Update by Charles Kirwan-Taylor, Corporate Affairs & Sustainability Director

31 October 2016

Charles Kirwan-TaylorDuring September Gatwick Airport operated the westerly runway for 84% of the month with 4,409 aircraft departing via Route 4 with a track keeping rate of 91.35%. Since the route amendment was introduced in May 2016 the average track keeping achievement from May to September has been 97.87%. The Flight Performance Team at Gatwick continues to engage with our airline and industry stakeholders to improve this as much as possible.

There have been notable fluctuations in track keeping, for example on the 24th September there were 50 track deviations from Route 4 as aircraft were ‘ballooning’ outside of the NPR. The Met Office figures for the Gatwick area on this date revealed winds at 3,000ft to be generally 180-200° 26-29 knots, increasing to 29-33 knots later that day. As we expected, strong winds can affect track keeping performance on this Route.

We continue to receive a substantial amount of feedback from local communities regarding Route 4. Sometimes this is not straightforward to interpret as we receive Route 4 related feedback even on those days when the airport is operating on the easterly runway. An example of this is the period 4 - 14 October during which we were operating on the easterly runway (so Route 4 was not in use) yet we received a volume of Route 4 specific feedback consistent with periods when the route was in use.

Horley overflight

We are acutely aware that overflight of the town, as published in the UK Aeronautical Information Publication, is expressly prohibited.

Aircraft that overfly Horley have invariably been ‘vectored’ away from Route 4 by the air traffic controllers at the NATS Control Centre at Swanwick. The practice of vectoring is not new but prior to the amendment currently in force, as the main swathe of traffic was further north than it presently is, aircraft vectored at the same stage of flight avoided Horley.

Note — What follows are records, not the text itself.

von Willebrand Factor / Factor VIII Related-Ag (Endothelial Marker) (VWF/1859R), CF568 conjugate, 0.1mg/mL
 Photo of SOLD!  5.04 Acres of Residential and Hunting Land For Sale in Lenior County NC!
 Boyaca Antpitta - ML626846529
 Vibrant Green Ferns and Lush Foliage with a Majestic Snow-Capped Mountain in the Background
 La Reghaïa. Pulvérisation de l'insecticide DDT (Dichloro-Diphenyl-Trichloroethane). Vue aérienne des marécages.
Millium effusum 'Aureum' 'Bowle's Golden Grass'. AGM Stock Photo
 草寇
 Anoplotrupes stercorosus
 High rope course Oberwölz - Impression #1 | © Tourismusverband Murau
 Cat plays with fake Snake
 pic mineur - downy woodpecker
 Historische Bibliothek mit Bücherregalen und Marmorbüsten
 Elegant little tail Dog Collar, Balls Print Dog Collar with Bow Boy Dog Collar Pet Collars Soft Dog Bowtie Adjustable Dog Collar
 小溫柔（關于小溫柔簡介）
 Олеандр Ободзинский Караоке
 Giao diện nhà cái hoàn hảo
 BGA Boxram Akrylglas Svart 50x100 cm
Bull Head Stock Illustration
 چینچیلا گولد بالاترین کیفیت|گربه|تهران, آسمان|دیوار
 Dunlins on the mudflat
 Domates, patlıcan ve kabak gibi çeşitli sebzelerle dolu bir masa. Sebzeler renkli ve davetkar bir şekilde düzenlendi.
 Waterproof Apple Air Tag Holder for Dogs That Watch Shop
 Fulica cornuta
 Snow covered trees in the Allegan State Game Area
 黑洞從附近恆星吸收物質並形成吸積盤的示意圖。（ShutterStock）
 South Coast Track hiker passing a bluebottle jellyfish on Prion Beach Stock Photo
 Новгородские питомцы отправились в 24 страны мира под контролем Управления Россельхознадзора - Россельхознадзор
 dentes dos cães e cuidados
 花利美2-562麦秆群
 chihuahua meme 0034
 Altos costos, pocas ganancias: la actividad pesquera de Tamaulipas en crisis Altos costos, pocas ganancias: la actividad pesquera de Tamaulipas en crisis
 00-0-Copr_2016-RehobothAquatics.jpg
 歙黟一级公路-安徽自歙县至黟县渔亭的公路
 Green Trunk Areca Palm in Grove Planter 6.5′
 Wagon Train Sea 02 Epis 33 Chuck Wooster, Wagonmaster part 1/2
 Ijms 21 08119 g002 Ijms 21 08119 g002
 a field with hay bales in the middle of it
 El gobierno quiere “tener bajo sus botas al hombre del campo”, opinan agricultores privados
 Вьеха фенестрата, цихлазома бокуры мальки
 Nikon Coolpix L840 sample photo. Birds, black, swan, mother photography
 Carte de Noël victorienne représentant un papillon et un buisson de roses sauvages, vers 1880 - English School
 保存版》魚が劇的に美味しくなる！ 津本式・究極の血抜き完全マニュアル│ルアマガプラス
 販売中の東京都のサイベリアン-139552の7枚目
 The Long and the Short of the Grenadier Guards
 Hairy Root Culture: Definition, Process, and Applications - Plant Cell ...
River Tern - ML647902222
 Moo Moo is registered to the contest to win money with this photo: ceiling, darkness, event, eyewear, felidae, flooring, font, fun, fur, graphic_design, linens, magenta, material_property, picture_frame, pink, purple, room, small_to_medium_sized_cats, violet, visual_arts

Levels of traffic being vectored after a Route 4 departure unnecessarily over flying Horley have increased from historical levels of approximately 1-3% to a high of 8-9%.

Since this increase was noted, all air traffic controllers at Swanwick who have duties relating to Gatwick departures have been briefed to avoid overflying Horley and received new guidance regarding vectoring as to when and how it should now take place, taking into account the amendment. Our initial impression is that this is now having some success as there is a more recent downward trend in Horley overflights; we will continue to monitor this matter closely and to do what we can to ensure that NATS stays vigilant on the subject.

Gatwick Airport will continue to provide the CAA with data throughout the monitoring period for this route, which will end on November 26. We expect the CAA to make and publish its decision within three to four months of the end of the monitoring period.